The required output is the lines below from the line containing "a bedroom with" to the line containing "An amazing black", inclusive, retyped exactly. No other lines belong in it.
-- Source information follows --
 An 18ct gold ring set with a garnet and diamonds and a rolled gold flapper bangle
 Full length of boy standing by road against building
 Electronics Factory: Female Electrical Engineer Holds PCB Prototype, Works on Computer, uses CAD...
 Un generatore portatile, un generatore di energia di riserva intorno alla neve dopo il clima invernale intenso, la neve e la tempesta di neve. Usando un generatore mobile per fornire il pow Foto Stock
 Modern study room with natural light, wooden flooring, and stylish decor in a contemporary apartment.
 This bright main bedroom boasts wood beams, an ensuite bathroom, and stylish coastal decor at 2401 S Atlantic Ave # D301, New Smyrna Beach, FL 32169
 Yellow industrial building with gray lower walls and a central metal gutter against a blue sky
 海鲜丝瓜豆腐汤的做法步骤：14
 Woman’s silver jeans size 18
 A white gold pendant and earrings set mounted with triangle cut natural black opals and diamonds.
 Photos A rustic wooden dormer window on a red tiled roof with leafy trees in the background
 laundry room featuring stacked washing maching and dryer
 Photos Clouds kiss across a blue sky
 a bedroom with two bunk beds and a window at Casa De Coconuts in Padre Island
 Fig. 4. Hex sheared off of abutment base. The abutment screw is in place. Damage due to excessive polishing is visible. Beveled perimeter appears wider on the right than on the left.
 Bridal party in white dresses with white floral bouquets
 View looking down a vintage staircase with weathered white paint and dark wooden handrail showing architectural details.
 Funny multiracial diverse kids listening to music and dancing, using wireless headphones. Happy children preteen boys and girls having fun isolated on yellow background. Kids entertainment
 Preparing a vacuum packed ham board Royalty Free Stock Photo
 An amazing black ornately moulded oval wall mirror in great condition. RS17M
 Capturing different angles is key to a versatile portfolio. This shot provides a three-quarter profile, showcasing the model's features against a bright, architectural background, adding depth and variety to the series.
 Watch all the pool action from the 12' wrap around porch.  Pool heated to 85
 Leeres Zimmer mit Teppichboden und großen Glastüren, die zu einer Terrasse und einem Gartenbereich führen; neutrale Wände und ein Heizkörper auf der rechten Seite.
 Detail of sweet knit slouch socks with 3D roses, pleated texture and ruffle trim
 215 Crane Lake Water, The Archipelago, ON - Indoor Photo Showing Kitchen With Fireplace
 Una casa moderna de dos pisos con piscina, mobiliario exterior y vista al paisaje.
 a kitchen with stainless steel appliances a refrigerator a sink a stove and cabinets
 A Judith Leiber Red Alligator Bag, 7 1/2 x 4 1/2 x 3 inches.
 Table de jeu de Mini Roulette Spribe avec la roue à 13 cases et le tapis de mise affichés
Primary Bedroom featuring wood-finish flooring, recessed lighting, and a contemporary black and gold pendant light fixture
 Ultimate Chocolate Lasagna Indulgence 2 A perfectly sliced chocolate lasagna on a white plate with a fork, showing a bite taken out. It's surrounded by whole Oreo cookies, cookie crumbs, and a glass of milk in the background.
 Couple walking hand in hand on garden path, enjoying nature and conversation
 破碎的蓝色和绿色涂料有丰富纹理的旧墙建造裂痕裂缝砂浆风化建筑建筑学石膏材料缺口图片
-- Source information concluded --
# Task solution
 a bedroom with two bunk beds and a window at Casa De Coconuts in Padre Island
 Fig. 4. Hex sheared off of abutment base. The abutment screw is in place. Damage due to excessive polishing is visible. Beveled perimeter appears wider on the right than on the left.
 Bridal party in white dresses with white floral bouquets
 View looking down a vintage staircase with weathered white paint and dark wooden handrail showing architectural details.
 Funny multiracial diverse kids listening to music and dancing, using wireless headphones. Happy children preteen boys and girls having fun isolated on yellow background. Kids entertainment
 Preparing a vacuum packed ham board Royalty Free Stock Photo
 An amazing black ornately moulded oval wall mirror in great condition. RS17M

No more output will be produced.